In her youth, London appeared in films with Hollywood legends such as Rock Hudson, Edward G. Robinson and Gary Cooper, and Billboard magazine voted her one of the top female vocalists of 1955, 1956 and 1957.
PRODUCER WALTER SHENSON DIES: Walter Shenson, who produced "Help!" and "A Hard Day's Night" for the Beatles and 12 other films, has died from complications from a stroke in Los Angeles. He was 81.
Shenson worked as a publicist for Paramount Pictures on the films "The Caine Mutiny" and "From Here to Eternity" before turning to producing. Among Shenson's other films: "The Mouse That Roared" with Peter Sellers and "Reuben, Reuben" with Tom Conti.

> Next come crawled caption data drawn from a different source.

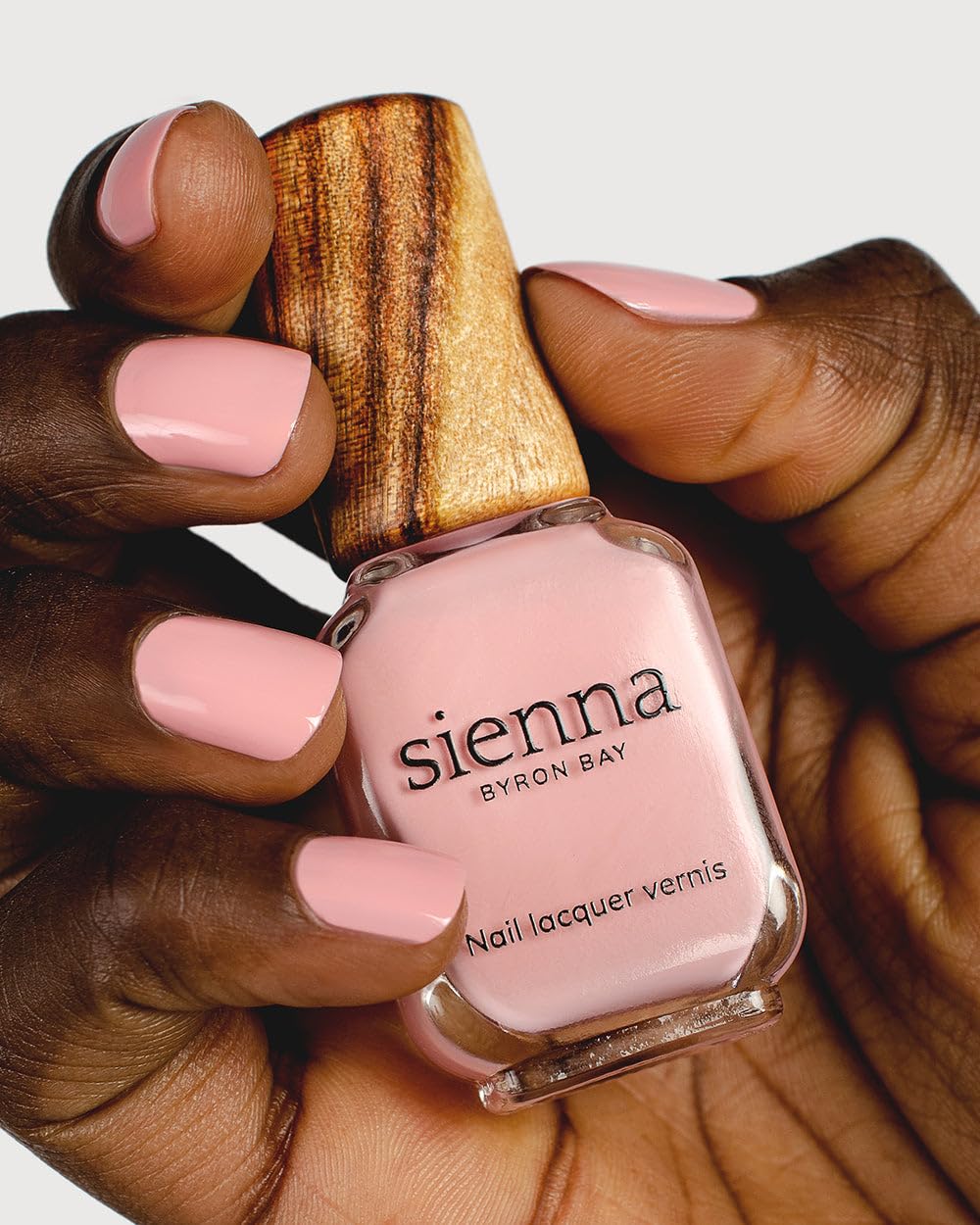 Sienna Byron Bay Peony, Classic Pink Natural Nail Polish, Long-Lasting, Vegan & Cruelty-Free, 10ml – .34 fl oz.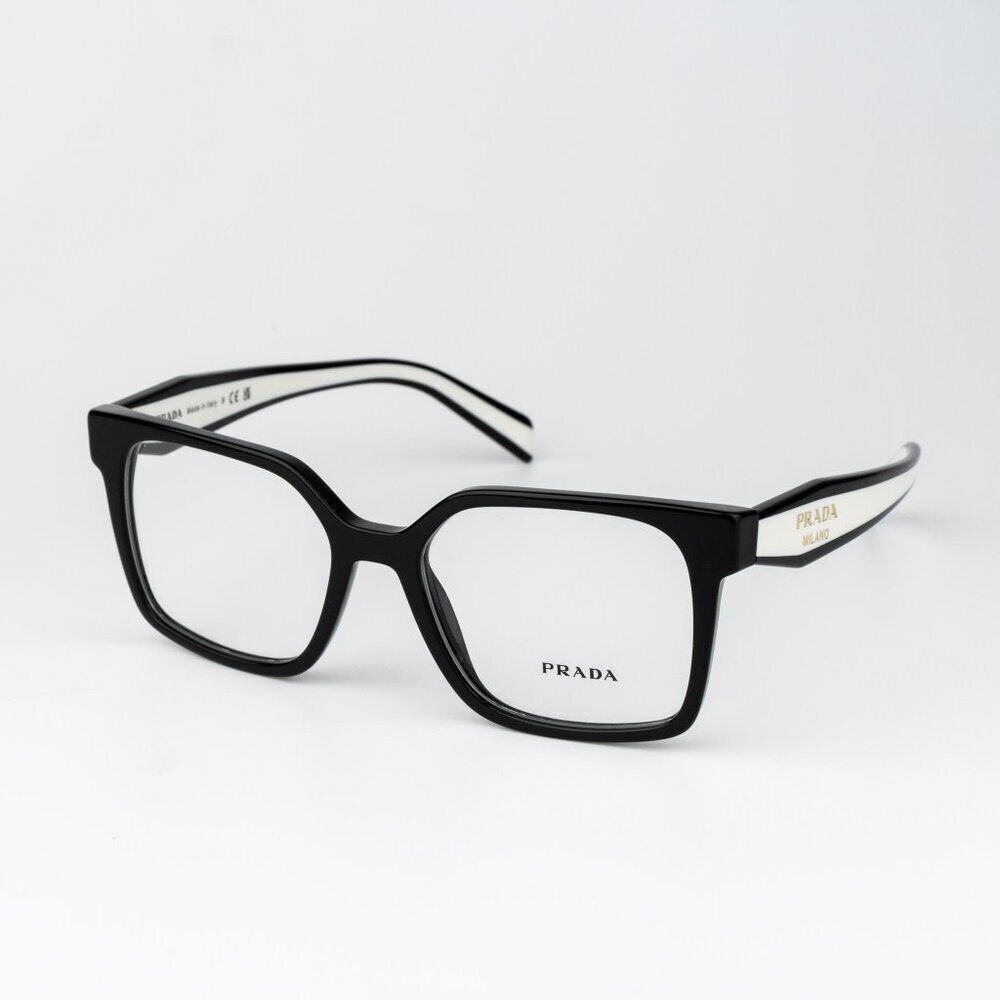 Prada Men Eyeglasses Black Square PRB03V 16K1O1 NEW AUTHENTIC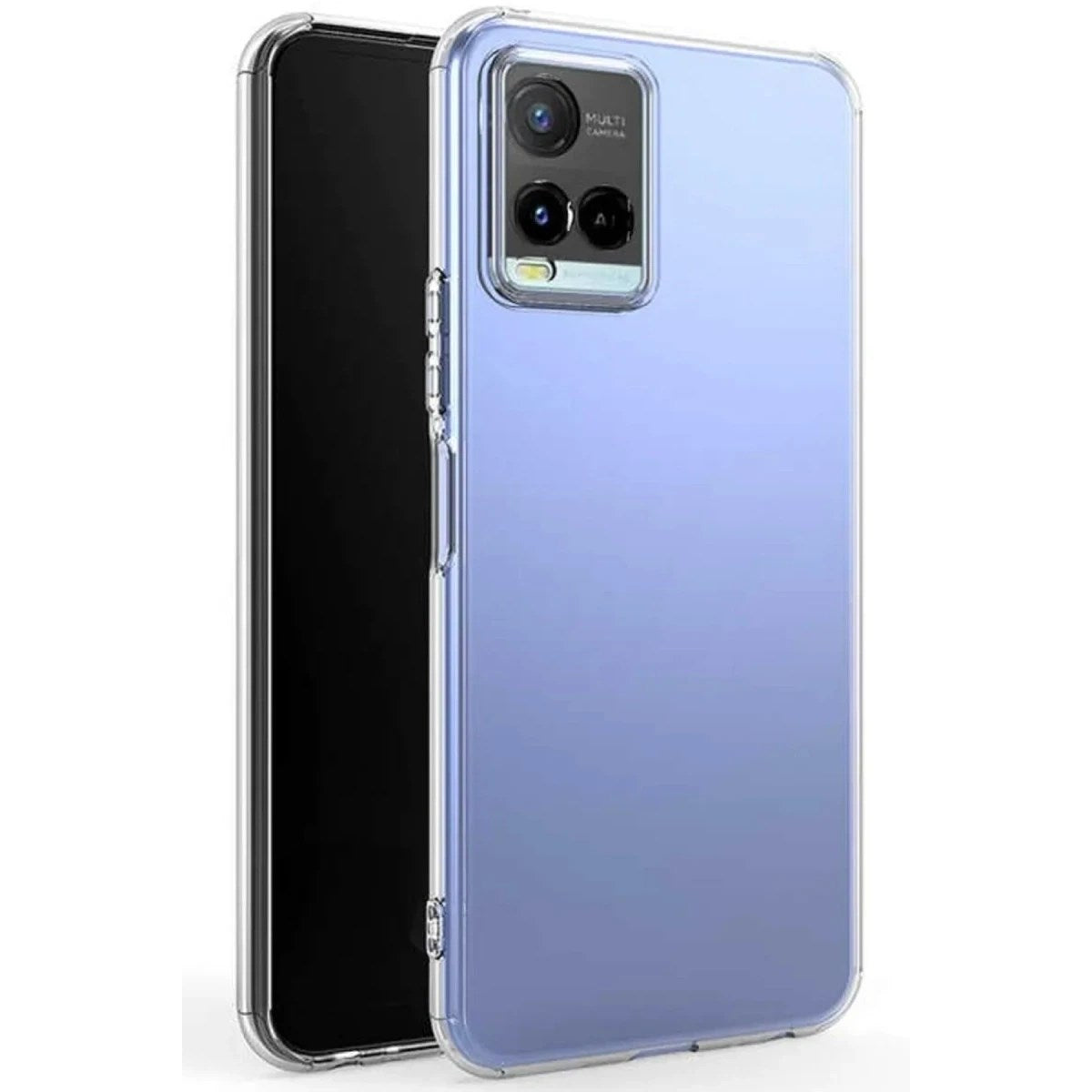 Mey İthalat® Vivo Y21S Kılıf Lüx Şeffaf Silikon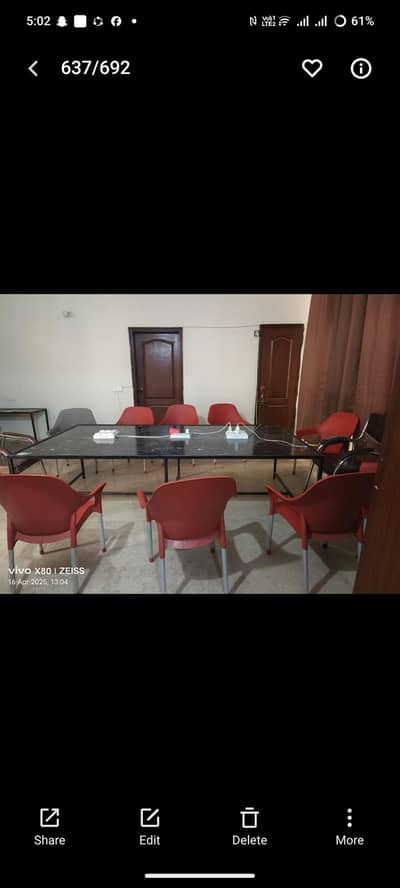 Team Workstation / Work Table Capacity 12 Members / Meeting Table /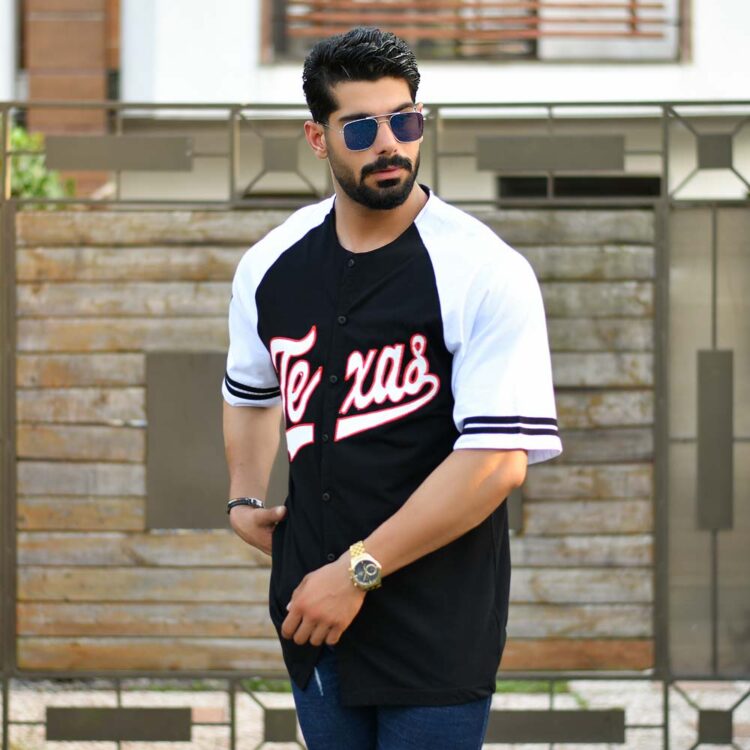 تیشرت لش مردانه بیسبالی کد 16286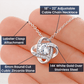 To My Girlfriend One in Million Infinity Knot Necklace Message Card-Express Your Love Gifts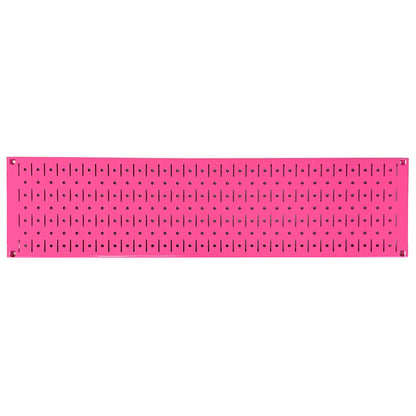 Pink Narrow Metal Pegboard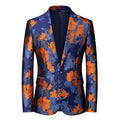 Completo da uomo Valstrend, abito da sposo e testimone in jacquard elegante con giacca e pantaloni per matrimonio.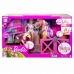 Set igrač Barbie Toilettage des Chevaux Plastika
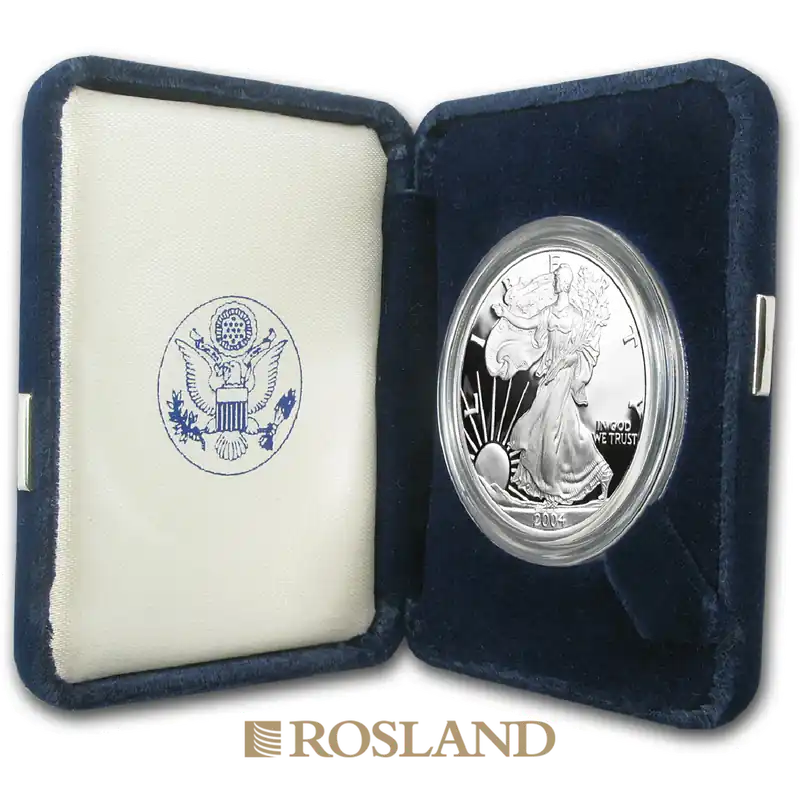 1 Unze Silbermünze American Eagle 2004 (W) PP (Box, Zertifikat) Premium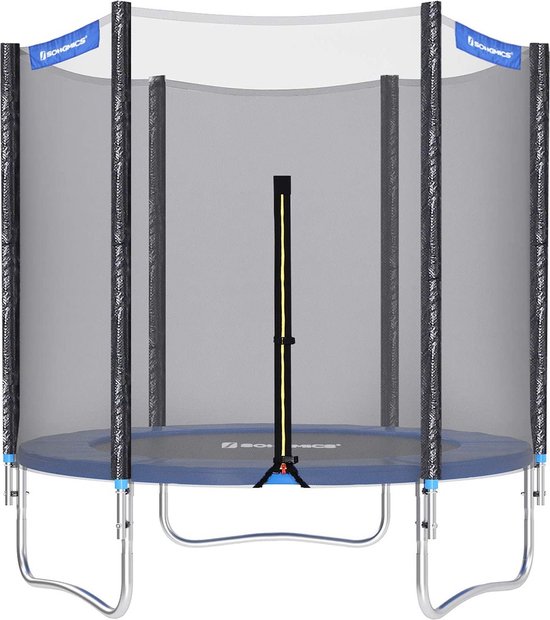 Foto: Trampoline kekx pro blauw met veiligheidsnet ladder 183cm rond tuin tot 150 kg belasting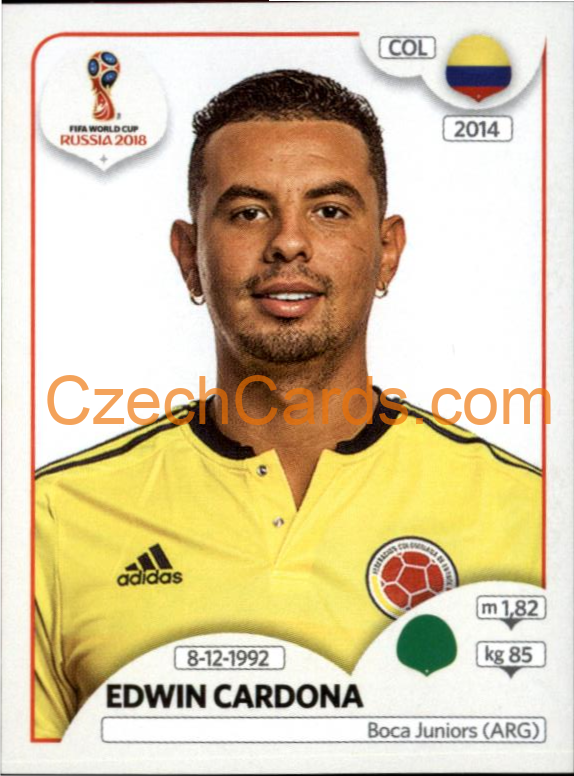 Edwin Cardona 2018 Panini World Cup  637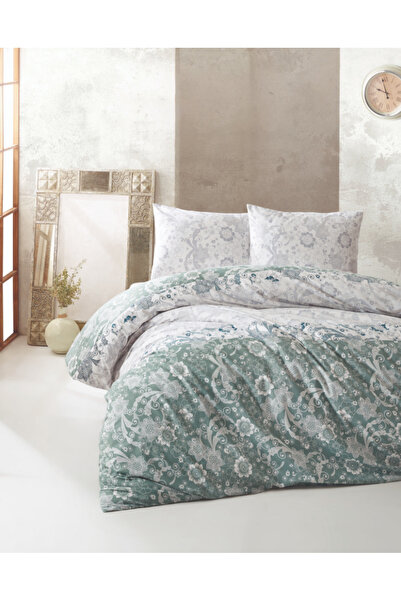 Taç Kristal Ranforce Tek Kişilik Nevresim Takımı Gül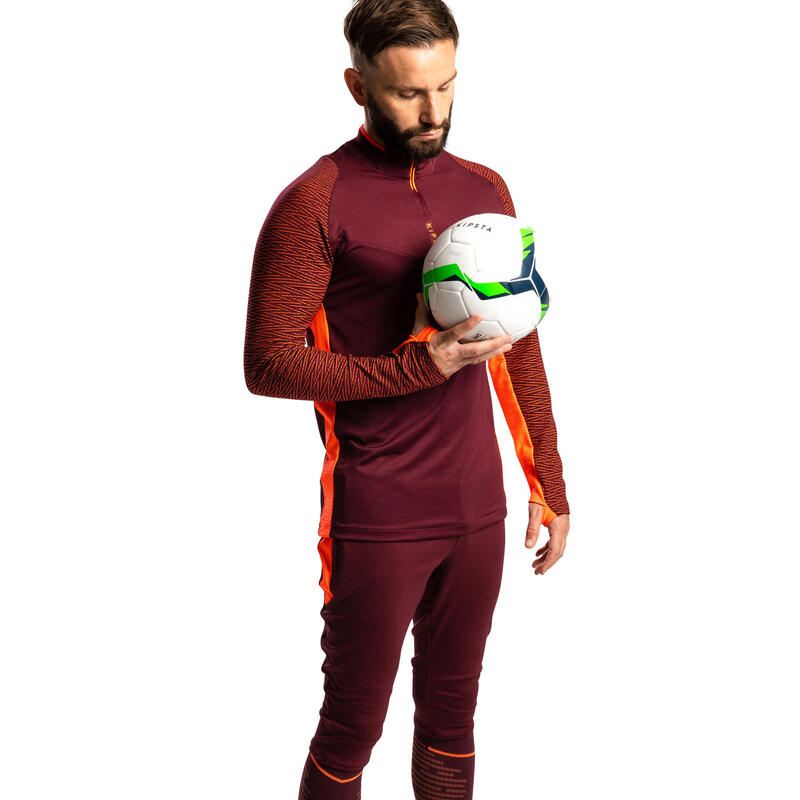 Pantalon 3/4 Fotbal CLR Bordo Adulți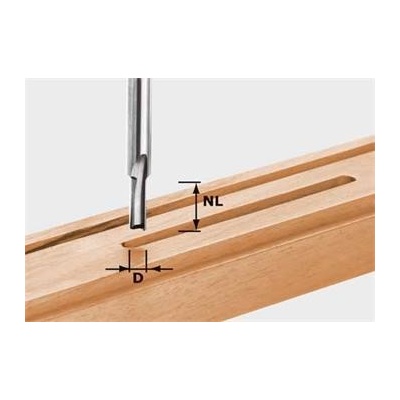Festool HW S8 D7/17 Drážková fréza HW, stopka 8 mm 490956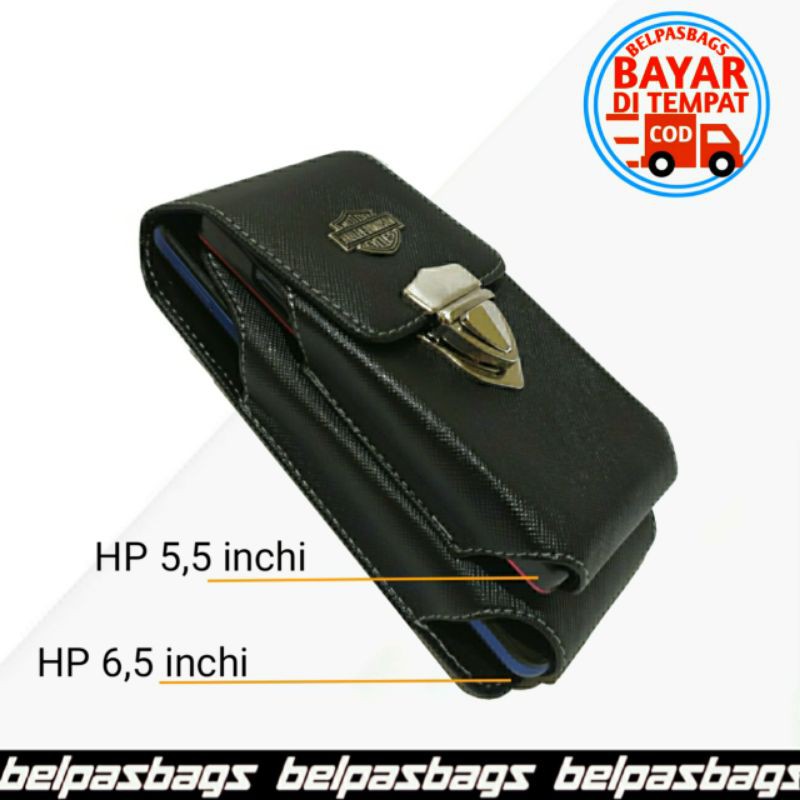 DOMPET SARUNG HP PINGGANG KULIT SINTETIS PRIA 2 SLOT 02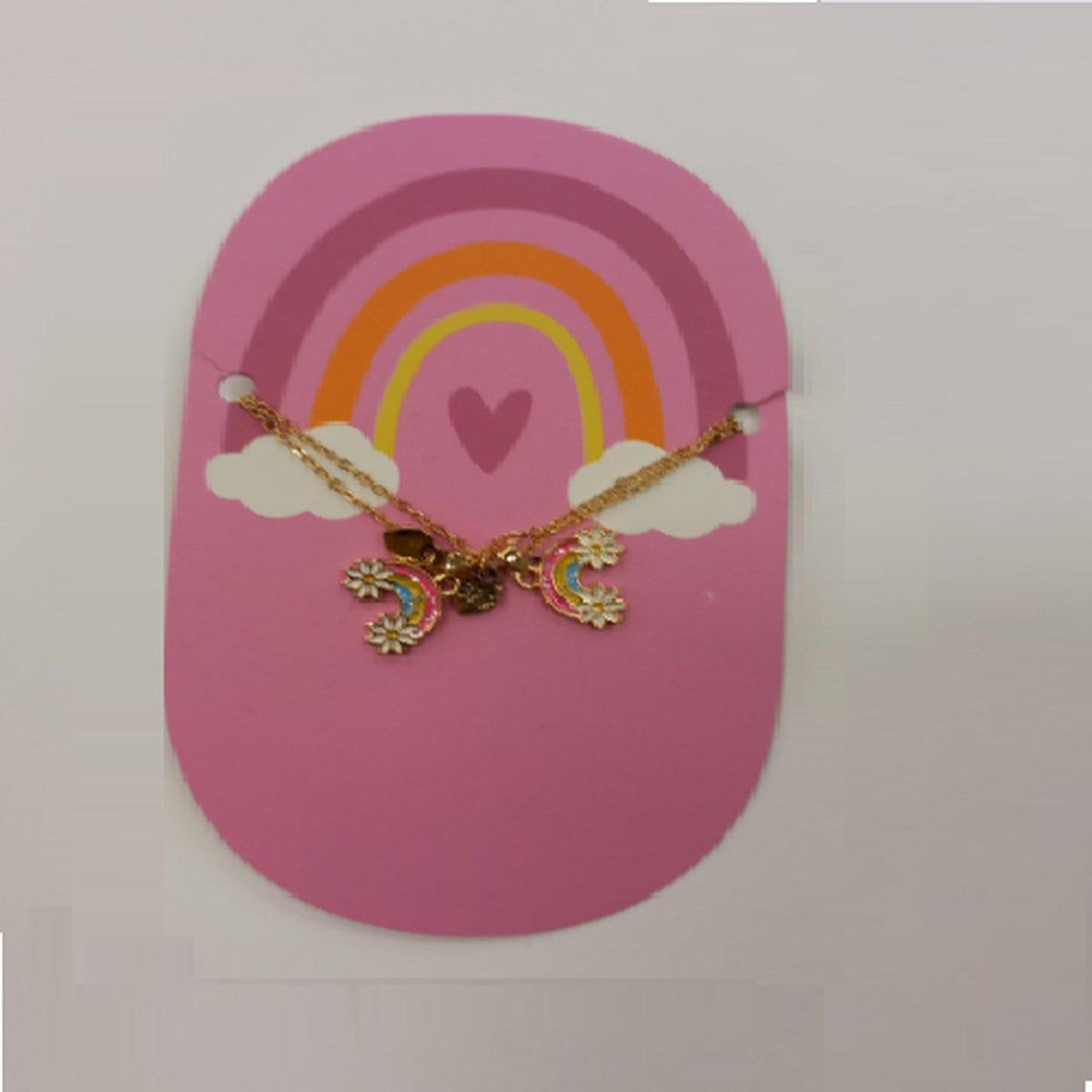 BFF Ketting regenboog goudkleur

ACTOR RICK JASON DIES: Rick Jason, who portrayed Lt. Gil Hanley on the 1960s TV series "Combat!", committed suicide at his in Moorpark, Calif., home officials said Tuesday. Jason was 74 and had been depressed over personal matters, officials told Reuters.
Before becoming a household name on "Combat!", Jason starred in the short-lived series "The Case of the Dangerous Robin" and a TV movie, "The Fountain of Youth," directed by Orson Welles. Other TV appearances include "Murder, She Wrote," "Wonder Woman," "Fantasy Island" and "Dallas." Jason also had regular appearances on the soap opera "The Young and the Restless."